Search for “cheap cars” at Yahoo in the future, and you might see web search results and paid search results for terms like “job searches” or “bicycles” in the future, according to a recently published Yahoo patent application.
If you’ve been keeping a close eye on Google search results lately, you’ve possibly noticed that sometimes when you perform a search at Google that the search engine might broaden the search results that you see to include synonyms for one or more of the terms that you used for your search.
I wrote a post about that, Google Synonyms Update, in which I pointed to a couple of patent filings that Google made which described a couple of different ways that Google might come up with synonyms for search terms. In the comments section of the post, a couple of people asked what kind of implications this query expansion might have for sponsored search results.
The Google patents on synonyms were quiet on paid search, and what the patent filings might mean for them, but chances are that if Google expanded a search to include synonyms, that it might choose between sponsored ads for the original query and the additional query terms.
For example, a search for [Ft Worth web design] might be expanded to include search results for [Fort Worth web design], and sponsored ads shown in that search result might be shown for both the “ft. worth” search and the “fort worth” search.
Google told us in an Official Google Blog post about this new inclusion of synonyms that they would highlight the synonyms in search results. Would they also highlight the synonyms in sponsored ads, if those appear there?
I just did a search for [ft. worth web design], and it appears that they do highlight synonyms when they appear in paid search results, like in the following image where the term “Fort Worth” is highlighted in the top sponsored search section with the yellow background:
Is the term highlighted because Google is showing a choice of advertisements for either [Fort Worth web design] or [Ft Worth web design], after expanding the organic web search results?
Interestingly, Yahoo just published a patent application that explores some similar territory, on expanding search results to include documents that might include words that are synonyms when used in a particular context. The Yahoo patent also looks at user data to decide when to show pages that might involve much broader related concepts as well.
Also interesting is that the inventors listed on the Yahoo patent filing have worked on the paid, or sponsored side of search for Yahoo in the past, and the patent filing explicitly includes paid search results.

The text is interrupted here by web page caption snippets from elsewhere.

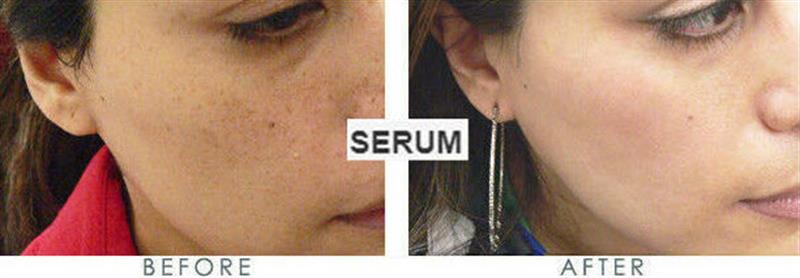 /A skin care serum that helps to protect against UV and boosts collagen and more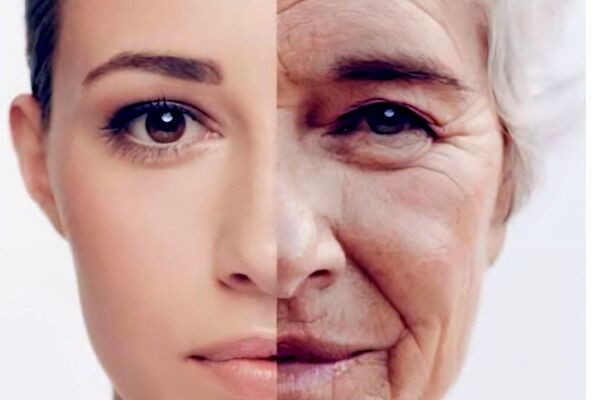 چرا پوست شما با افزایش سن چروک می‌شود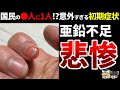 知らないと絶対に気付かない亜鉛が不足しているときに起こるサイン12選【ゆっくり解説】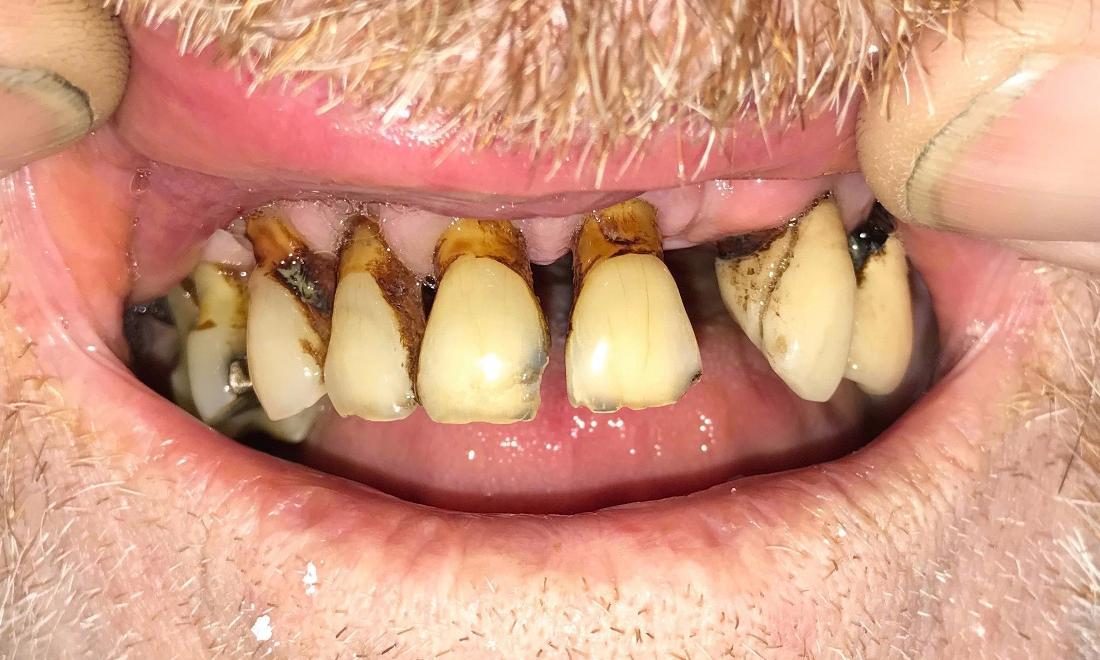 Before full dentures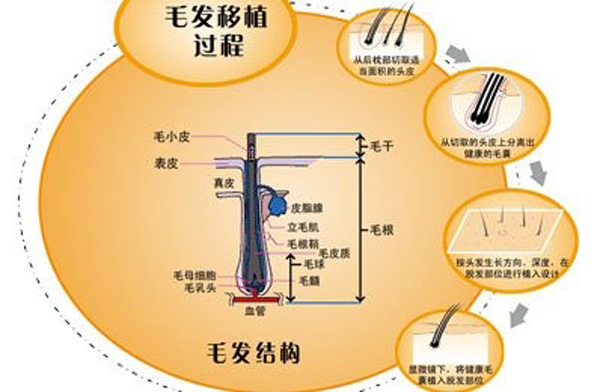 植发都应该注意哪些事情?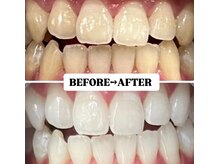ホワイトニングサロン 豊中/Before&After美白ホワイトニング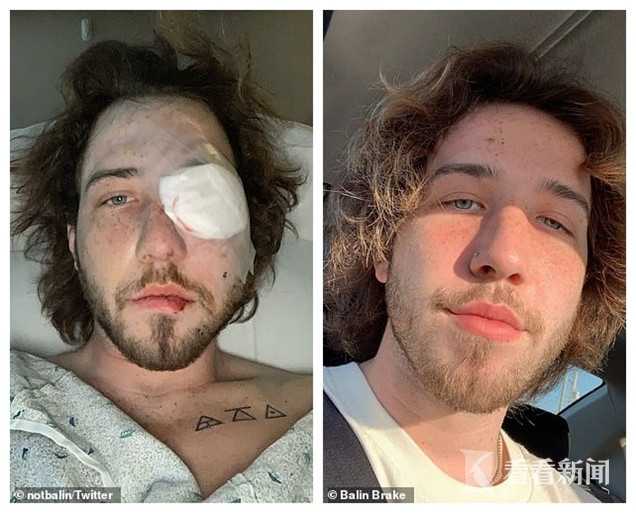 白人男子被催泪弹打瞎一只眼:这点痛相比不算啥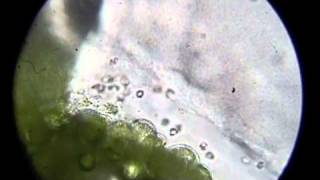 Ceratopteris gametophytes and sperm [upl. by Geraldina414]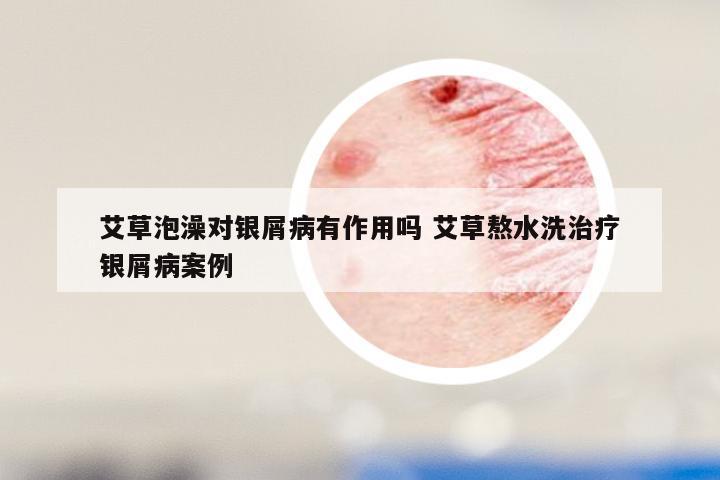 艾草泡澡对银屑病有作用吗 艾草熬水洗治疗银屑病案例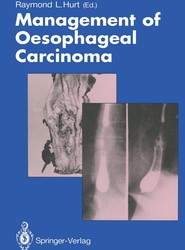 Management of Oesophageal Carcinoma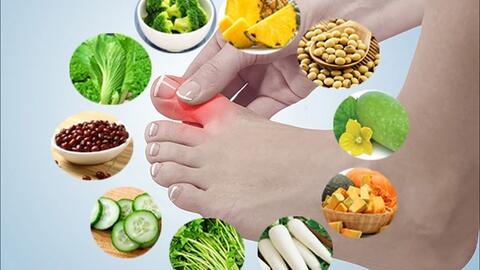 Những thực phẩm giúp giảm đau gout nhanh bạn cần biết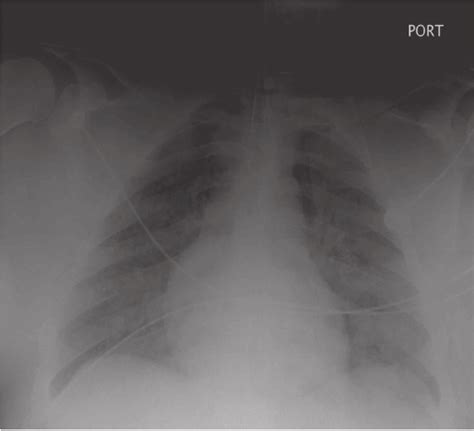 Portable Ap Chest Radiograph On Day 2 Download Scientific Diagram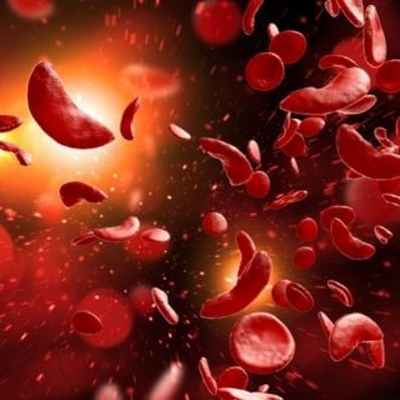 Анемия (малокровие)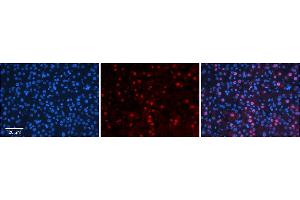 Immunohistochemistry (IHC) image for anti-Mediator Complex Subunit 7 (MED7) (N-Term) antibody (ABIN2778098)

The patent application is:
Predicting Selection Rates of a Document Using Click-Based Translation Dictionaries
Invented by Rukmini Iyer and Hema Raghavan
Assigned to Yahoo
US Patent Application 20100017262
Published January 21, 2010
Filed: July 18, 2008
The following paragraph from the patent filing gives us a hint at how Yahoo may broaden the search results they see beyond the methods that Google has described in their synonym patent applications:
In an embodiment, although claimed subject matter is not limited in this respect, a method includes automatically constructing probabilistic translation dictionaries from click-through information. Such translation dictionaries may include a database and/or data tables, for example. Translation dictionaries may include word synonyms as well as words and/or phrases that include one or more meanings that may be related to other words and/or phrases.
For example, a translation dictionary may include the phrase “cheap cars”, which may be related to other words or phrases that likely have a meaning corresponding to inexpensive automobiles, such as “used cars”, “compact cars”, “Kia”, “Hyundai”, and so on.
Continuing with the example, such a translation dictionary may also relate “cheap cars” to “job searches” or “bicycles”, since a user entering the query “cheap cars” may be unemployed, and interested in finding a job. Or such a user may have little money so that a bicycle may offer a good alternative to a car. Constructing such translation dictionaries will be described in detail below.
While click-through information may be one source of data from searchers that Yahoo might use, it’s possible that they might look at other information about interactions between searchers and the search engine. While the above paragraph refers to a “translation dictionary,” the Yahoo patent also describes something they call a “probabilistic model” that sounds, in some ways, like the statisical language models that Google referred to in their patents.
That model attempts to predict the probability that someone will choose a certain page, or ad, or other kind of result based upon past search result selections or click-through-rates of ads, and show results and advertising that match those predictions.
When Google or Yahoo expand query results to include synonyms for words in an original query, it appears that they may also consider doing so for the advertisements that are shown with those results.
And Yahoo may even help you find a bicycle, when you can’t afford a car.